Forex and Bitcoin news for Asia trading Thursday 18 October 2018
- Chinese yuan weakens further, to its lowest since January of 2017
- Japan trade data recap - a surplus, but …
- ICYMI: Australian Q3 business confidence & conditions both fall
- PBOC sets USD/ CNY central rate at 6.9275 (vs. yesterday at 6.9103)
- More on the Australian jobs number: two headlines, a hit and a miss
- BOJ's Kuroda: BOJ will keep rates low for an extended period
- Japan September trade balance: Y +139.6bn (expected Y -45.1bn)

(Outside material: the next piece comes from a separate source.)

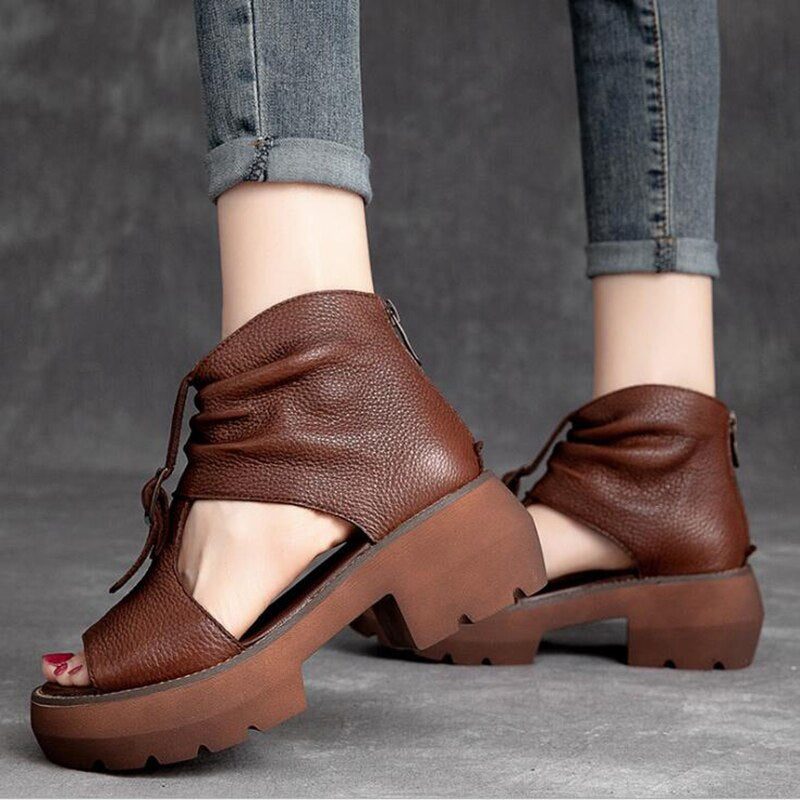 Herminia Damesandaler - Beige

- Westpac on the NZD/USD - target under 0.64 by year end
- US Treasury report does not name China as a currency manipulator
- Trade ideas thread - Thursday 18 October 2018
- Director-General of the WTO says facing crisis in global trade
- EU leaders have dropped plan for Nov 17 - 18 Brexit summit … but ….
AUD was an outperformer on the session here, benefitting from a big fall in the headline unemployment rate. September unemployment dropped to 5.0% from 5.3% the previous month The details of the report (lower participation rate, and for 'trend' data the u/e was unchanged) took some of the shine off, but details schmetails.

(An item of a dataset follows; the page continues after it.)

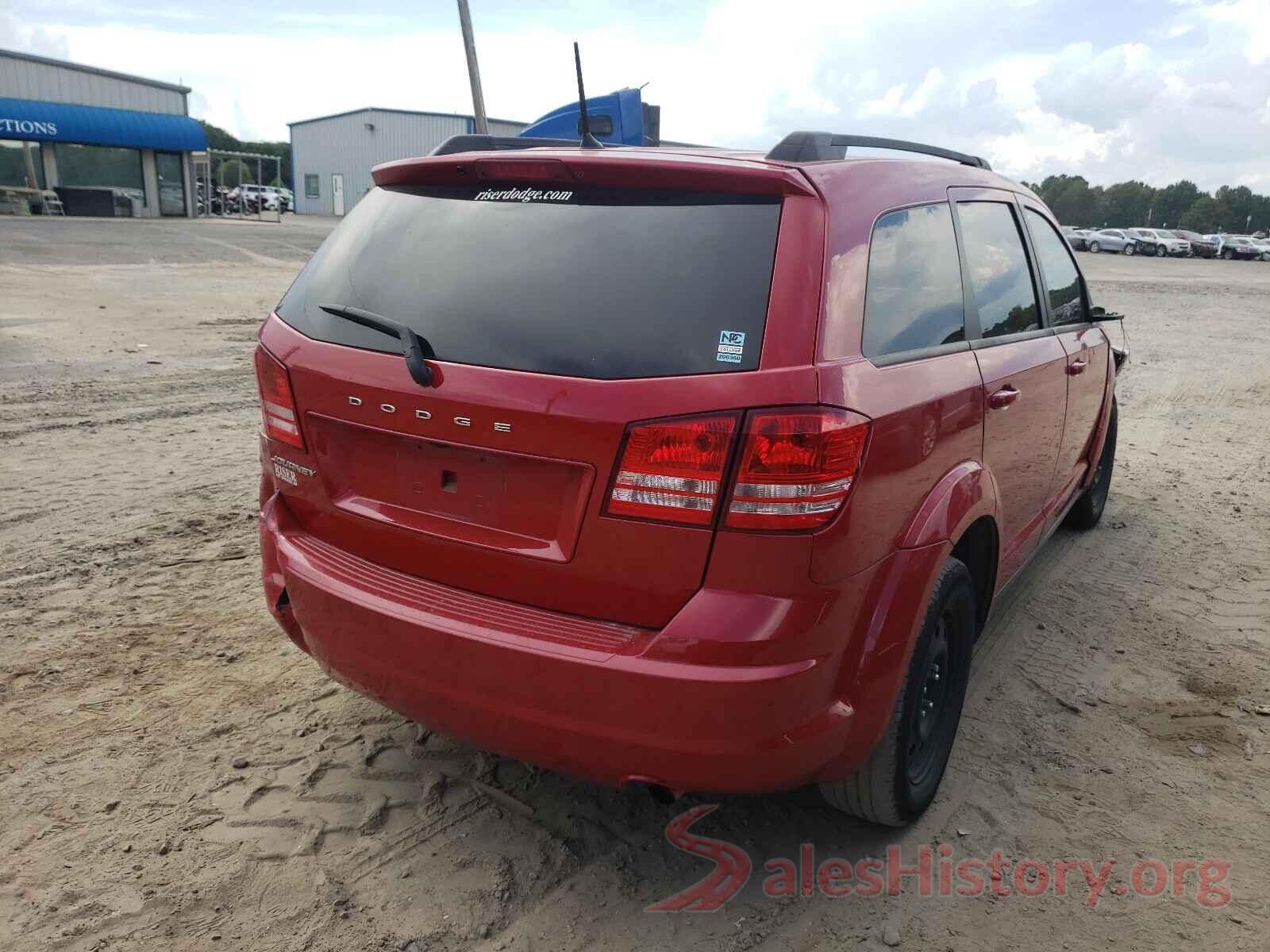 3C4PDCAB0JT448845 2018 DODGE JOURNEY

AUD/USD had been nestled around 0.7110 but was marked up to approach 0.7130. Its subsequently found renewed buyers under 0.7120 and is above 0.7130 on session highs as I update. Not a big range really, but not mcuh e can do about that!
USD/JPY was another mover, to above 112.70 in the Tokyo morning and back to circa 112.50 as I post. Trade balance data showed a surplus (a surprise) but the details in the figures were pretty awful, exports declined on the month (perhaps due to the sad run of natural events in Japan) for the first time in 22 months. Imports came in well under estimates also.
Elsewhere, USD/CAD gained notable, towards 1.3050 before losing steam to sideways. NZD, GBP, CHF, gold are not a lot net changed.
The yuan was a big big mover. The US Treasury report (the much awaited currency manipulator twice-yearly report) was finally released, and it declined to name any country as a currency manipulator, despite all the bluster and hot air expended by the US administration on China and the yuan. Check out the bullets above for more detail, but the net effect was they PBOC slashed the value of the onshore yuan today (I thought I heard giggling as they did but that could have been my imagination), and the CNY extended its losses into early china trade, on approach to a two year low.